Where the line containing "2023 Chrysler Pacifica" appears, start repeating, and continue exactly through the last line below, adding nothing. Include no pictures.

::: SUPPLIED INFORMATION

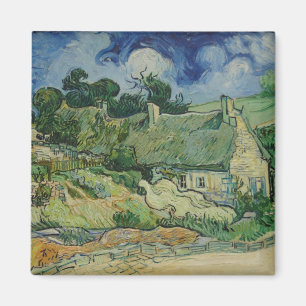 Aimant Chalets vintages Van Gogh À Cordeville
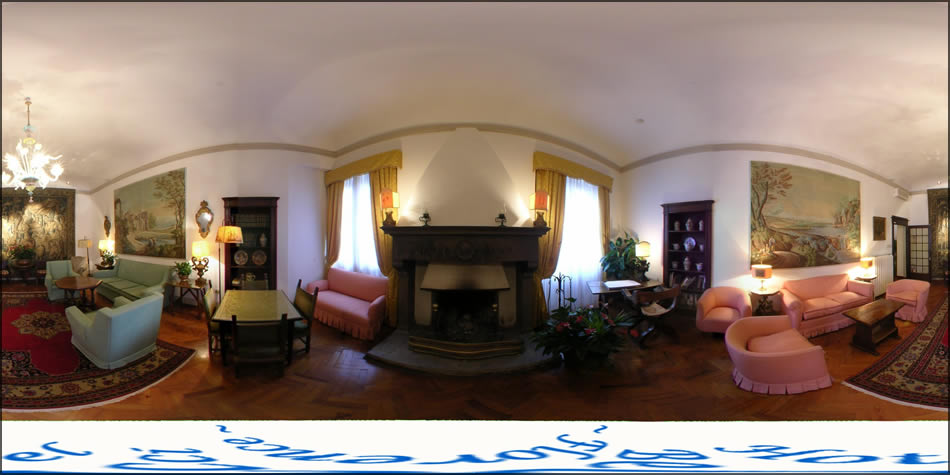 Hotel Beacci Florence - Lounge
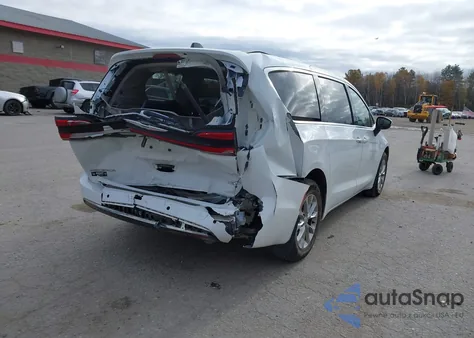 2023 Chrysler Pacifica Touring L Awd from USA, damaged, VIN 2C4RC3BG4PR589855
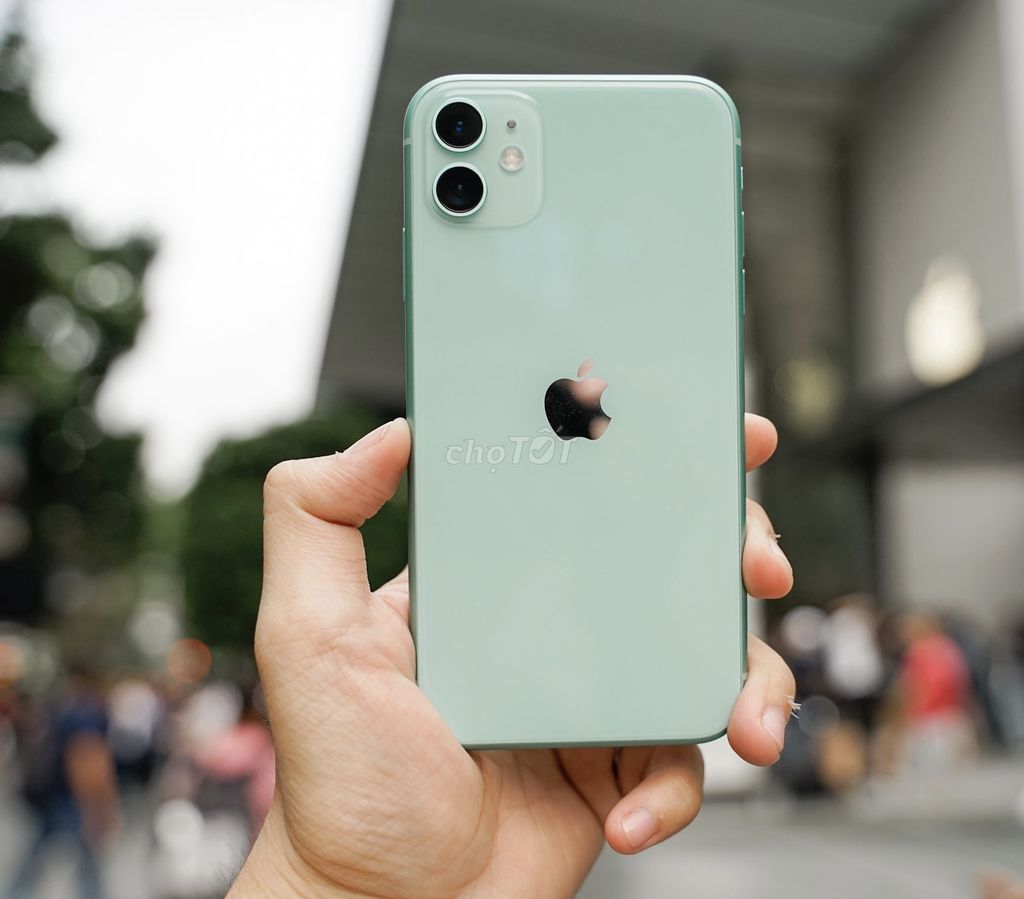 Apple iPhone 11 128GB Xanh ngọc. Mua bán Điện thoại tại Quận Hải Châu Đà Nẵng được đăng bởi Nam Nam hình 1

::::::

▶ _COMPLETED EXERCISE_
 2023 Chrysler Pacifica Touring L Awd from USA, damaged, VIN 2C4RC3BG4PR589855
 Apple iPhone 11 128GB Xanh ngọc. Mua bán Điện thoại tại Quận Hải Châu Đà Nẵng được đăng bởi Nam Nam hình 1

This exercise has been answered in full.